Siblings Margo and Carolynn were grateful their mother received palliative care at Our Lady of the Rosary Hospital, where their mom had her first nursing job in 1941.
“There was no money for education in her family," Carolynn explains. “Mom was able to work at the convent as a young woman in exchange for room and board. She was grateful for this gift, and inspired by the dedication and devotion of the sisters.”

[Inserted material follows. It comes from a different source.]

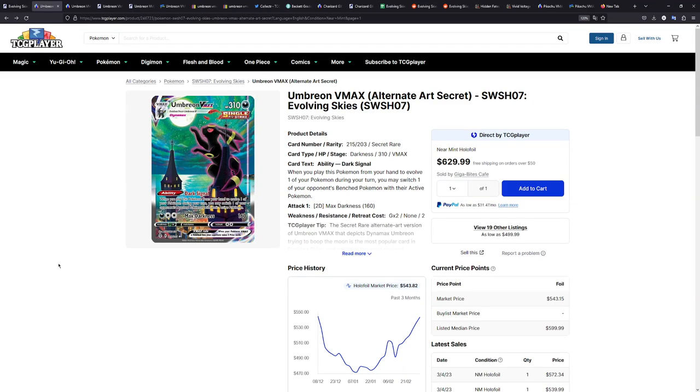How's it going everybody, BudgetPokemon here, and in this video I want to have a little price discussion once again, similar to what I did for V-Star Universe back in January. This time we're going to be focusing on a singular card, the Umbreon VMAX from Evolving Skies.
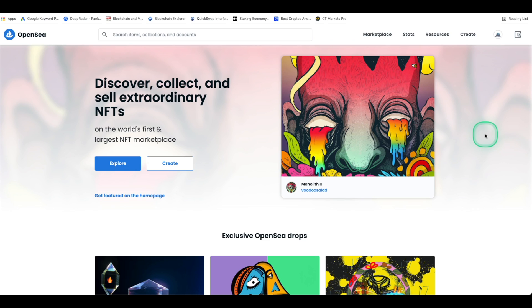Hey what's up everybody it's Will. In this video I will walk through how to use OpenSea NFT on the Polygon network. Using OpenSea on Polygon will allow you to create, buy, and sell NFTs without paying any gas fees. So let's go ahead and get started.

Margie attended nursing school in Calgary, then returned home to accept her first nursing job with the Daughters of Wisdom at the Castor hospital in 1941. “They taught her to provide care for the whole personbody, mind and spirit.”
The original wing of Our Lady of the Rosary Hospital was established by the Daughters of Wisdom in 1911 as a hospital and convent, and is a designated Canadian Historic Site.
Though Margie moved on to other roles in public health nursing, she held fast to those early lessons from the nuns. “The sisters taught Mom the value of compassion and intuition,” explains Margo. “She believed you needed to look in a patient’s eyes for insight into the whole picture of what was going on with them. She knew how to connect to their hearts and souls.”
“Mom understood the spiritual needs of her patients, and felt they were as important as physical needs,” adds Carolynn. “She believed deeply that the face of God is most seen in the suffering, the lonely and the sick.”
“We feel fortunate that Mom was able to die in Our Lady of the Rosary Hospital," says Margo. “Mom had an incredible connection to this site. We could look out the window of Mom’s palliative care room and see the convent and the cross kind of glowing in the night. That kind of circular journey, and the personal nature of the care, is unique to a rural community. It was a beautiful part of Mom’s dying time.”